Numbers worth scanning first

FY23 vs FY22

Revenue

$0.03m

Suppressed: metric quality flags mark this value as unsuitable for normal comparison.

EBITDA

−$0.28m

— vs —

Net profit after tax

−$0.3m

+99.8% ↑ vs −$164.6m

Net cash inflow from operating activities

−$0.41m

+99.7% ↑ vs −$119.1m

Profit before tax

−$0.3m

+99.8% ↑ vs −$164.6m

Cash and cash equivalents

$0.38m

Suppressed: metric quality flags mark this value as unsuitable for normal comparison.

Total assets

$1.7m

Suppressed: metric quality flags mark this value as unsuitable for normal comparison.

What changed

FY23 is not a like-for-like comparison

The announcement was lodged under the SNC ticker and carries an issuer-transition flag, so the prior comparable column reflects a substantially larger predecessor entity (FY22 total assets NZ$2b, revenue NZ$11.3m, NPAT loss NZ$164.7m) rather than the same operating business now trading as Iperion. The current entity reports NZ$0.026m of interest income, a PBT loss of NZ$0.3m, NZ$0.4m of cash and NZ$1.7m of total assets, with equity of NZ$1.6m against just NZ$0.1m of liabilities.
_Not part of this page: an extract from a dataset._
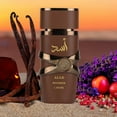 thumbnail image 3 of Lattafa Asad Bourbon for Unisex Eau de Parfum Spray, 3.4 Ounce / 100 ml, 3 of 3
Headline movements are therefore mechanical: revenue down 99.8% and PBT/NPAT both improving 99.8% as the prior entity's loss base disappears. Operating cash outflow narrowed from NZ$119.1m to NZ$0.4m on the same basis.

What matters

The result is a shell, not a business

  • Annolyse's historical baseline classifies PBT and NPAT growth as above the recent range, but those classifications are arithmetic artefacts of the transition; with no continuing operating revenue and only interest income, there is no underlying earnings stream to project forward. Treating the +99.8% PBT print as durable would misread the filing.
  • Capital runway is the binding question. Cash of NZ$0.4m sits against an FY23 operating cash burn of NZ$0.4m, implying roughly a year of runway at the current cost base before further funding is required. Equity of NZ$1.6m provides limited cushion, and ROE of -17.2% (weakened from -8.6% on the predecessor base) is now being calculated against a much smaller denominator, so any incremental loss compounds quickly.
  • Strategy is search-driven and unconcluded. The interim-context overlay flags an acquisition focus, and the HY23 release stated the company "continues to look for appropriate acquisition targets with the support of the majority" shareholder. No target, structure or funding plan has been disclosed in this announcement, so the investment case rests entirely on a future transaction rather than on FY23 economics.

Expectations

No forward guidance, forward work or stated targets are provided

There is no dividend, and management has confirmed none is proposed. The second-half shape calculation (H1 representing 38.5% of full-year revenue and 47.1% of the NPAT loss) is technically computed but economically meaningless at these absolute amounts.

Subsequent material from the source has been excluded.